Guadalupe Nuñez has never owned her own home, but the man on the phone says now is the time to buy. It's the summer of 2005, and this is the third time the man has called this week. Nuñez, a widow who came to the United States in the 1980s, has a hard time understanding exactly what the man is saying. Something about a 7 percent adjustable interest rate, $30,000 cash back and a monthly mortgage payment of less than $1,500.
Nuñez gets excited. On the local news, they keep saying how the housing market is going up and up and up. If she can scrape together enough to buy this house, she thinks, then she can sell it in five years and retire comfortably.
The man comes over with the paperwork. He seems to be in a rush, telling Nuñez to leave some parts blank. He brings a real estate agent with him, who tells her that if she signs today, she won't be charged special closing fees that will go up to $10,000 in a week.
Nuñez is a little confused, but she knows she wants this house, so she signs everything they put in front of her, never clarifying that her 7 percent APR will leap to 12 percent after the second year. Or that the mortgage lender is actually selling her two loans that will total more than $3,000 a month.
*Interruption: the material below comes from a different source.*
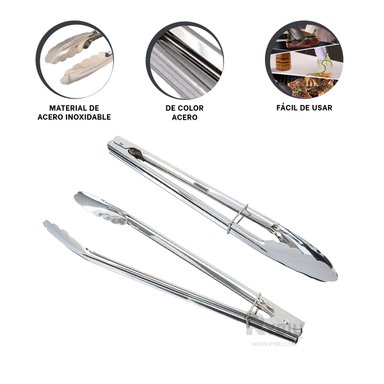 UTENSILIO RYBIU CO30447 PLATEADO FUNCIONAL + POST-IT ADHESIVOS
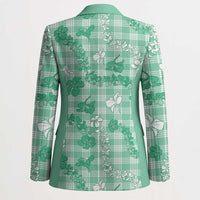 Omaomao Aloha Hawaii Blazer Plumeria Lei With Palaka Motif - Polynesian Pride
When the deal is over, Nuñez is stuck with a mortgage that she can never repay and a house that will never really be hers. The bank forecloses two years later.
Nuñez is a fictitious example. But millions of people just like her are victims of predatory lending. Predatory mortgage lenders target first-time homebuyers with bad credit ratings -- often minorities and the elderly -- and convince them to buy homes with risky adjustable-rate mortgages, or other types of subprime mortgages.